▸ **What to produce**
Restate word for word the entries below, starting with the line with "#Nagaland #LanfOfFestivals" and continuing through the line with "Soft Glam Satin Foundation - GLAM MODA". Include both of those lines and no others.

▸ **Supplied records**
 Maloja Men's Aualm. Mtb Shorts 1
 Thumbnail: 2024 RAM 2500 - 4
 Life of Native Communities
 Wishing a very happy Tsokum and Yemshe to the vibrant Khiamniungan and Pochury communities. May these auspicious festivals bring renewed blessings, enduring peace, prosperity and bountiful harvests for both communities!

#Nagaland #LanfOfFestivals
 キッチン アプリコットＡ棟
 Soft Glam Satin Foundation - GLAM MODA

...

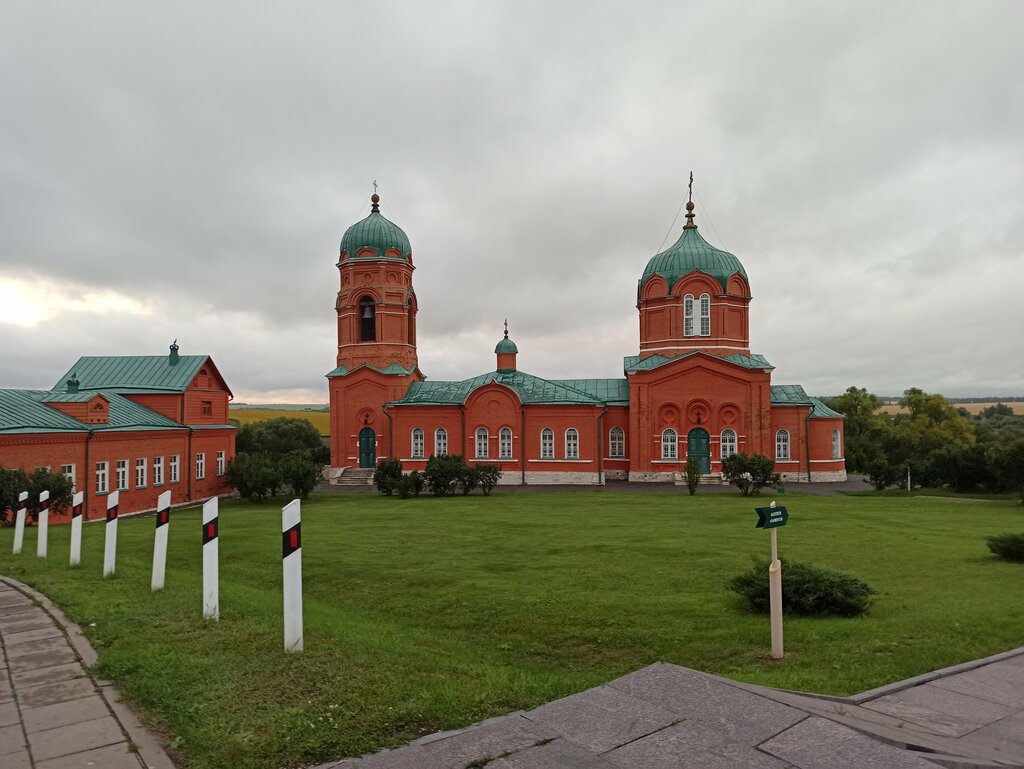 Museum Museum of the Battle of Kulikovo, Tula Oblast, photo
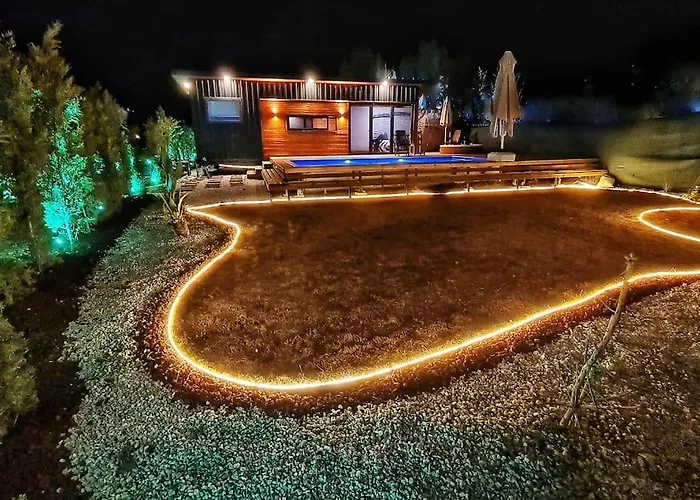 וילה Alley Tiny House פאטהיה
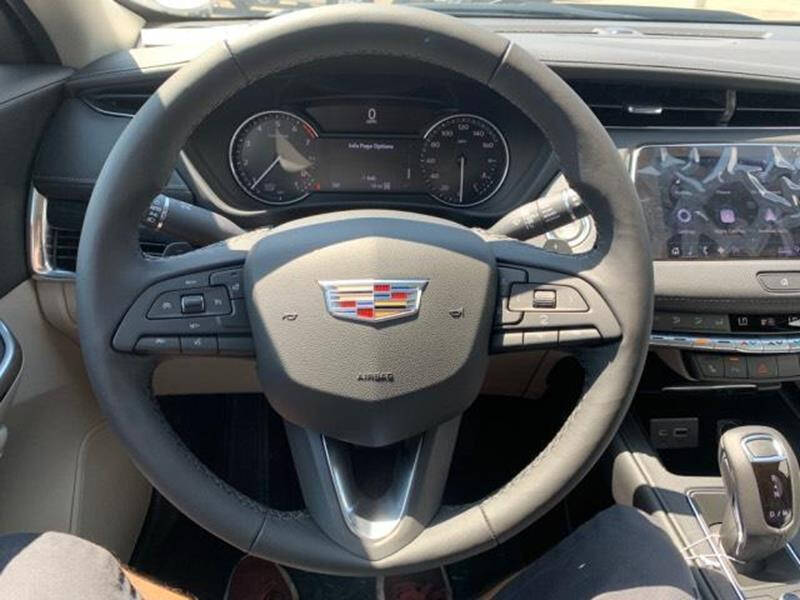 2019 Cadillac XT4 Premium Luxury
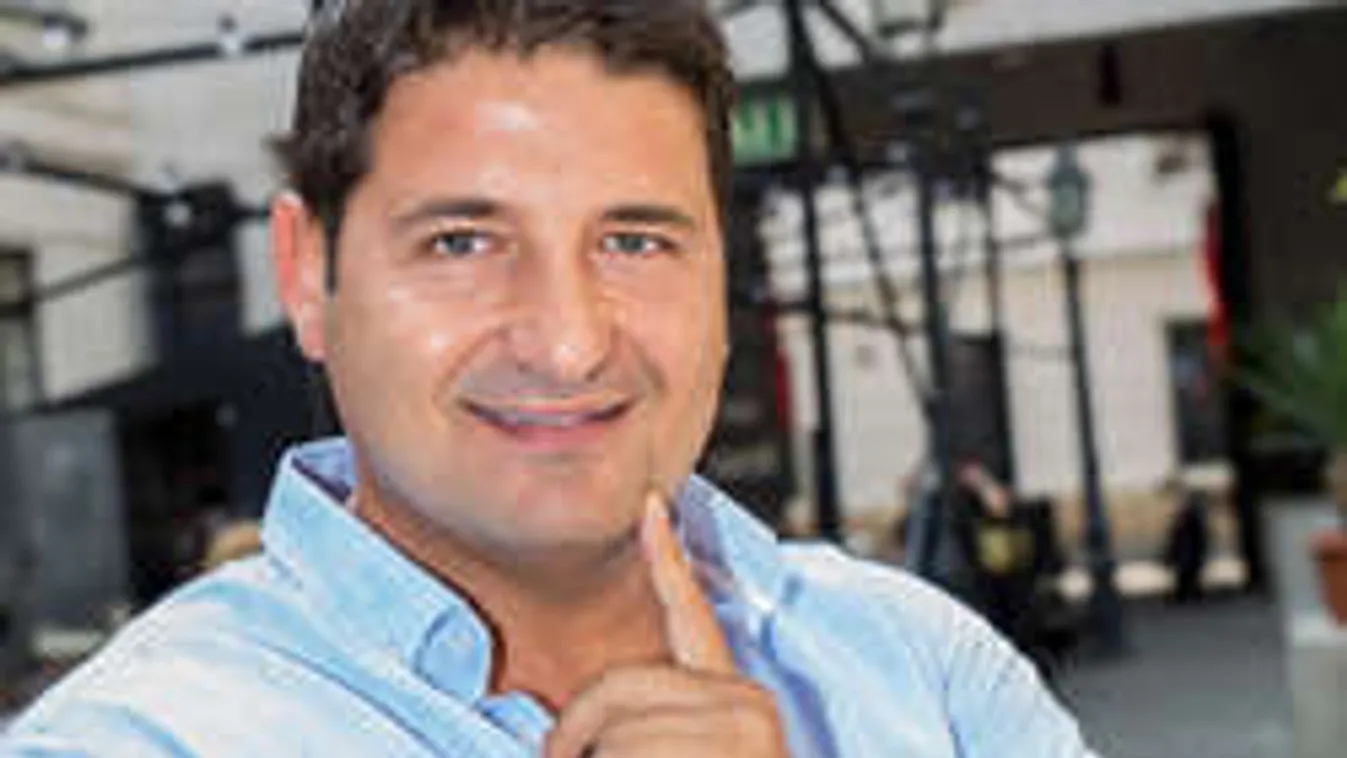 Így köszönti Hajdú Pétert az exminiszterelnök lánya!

--

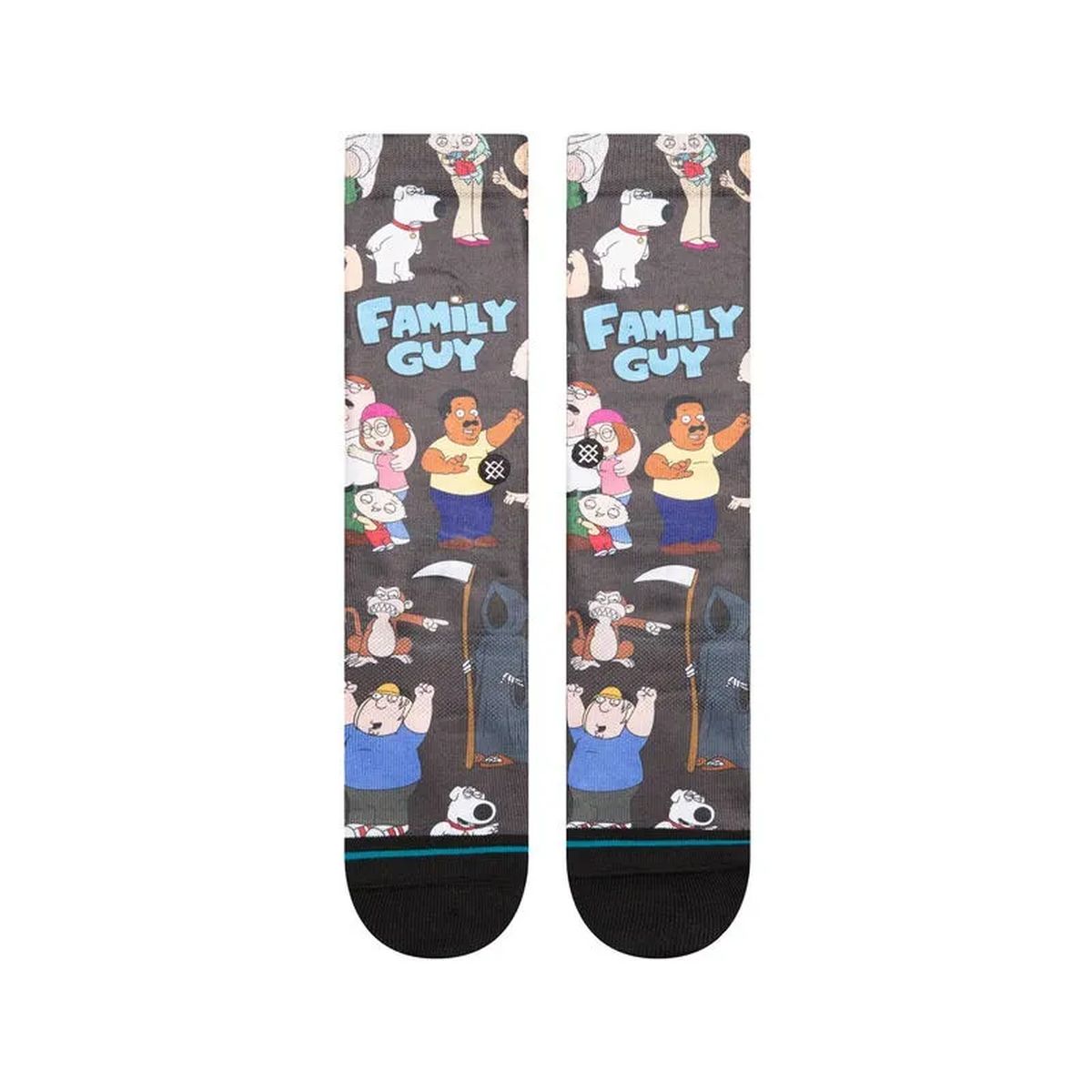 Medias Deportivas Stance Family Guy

▸ **Exercise answer**
#Nagaland #LanfOfFestivals
 キッチン アプリコットＡ棟
 Soft Glam Satin Foundation - GLAM MODA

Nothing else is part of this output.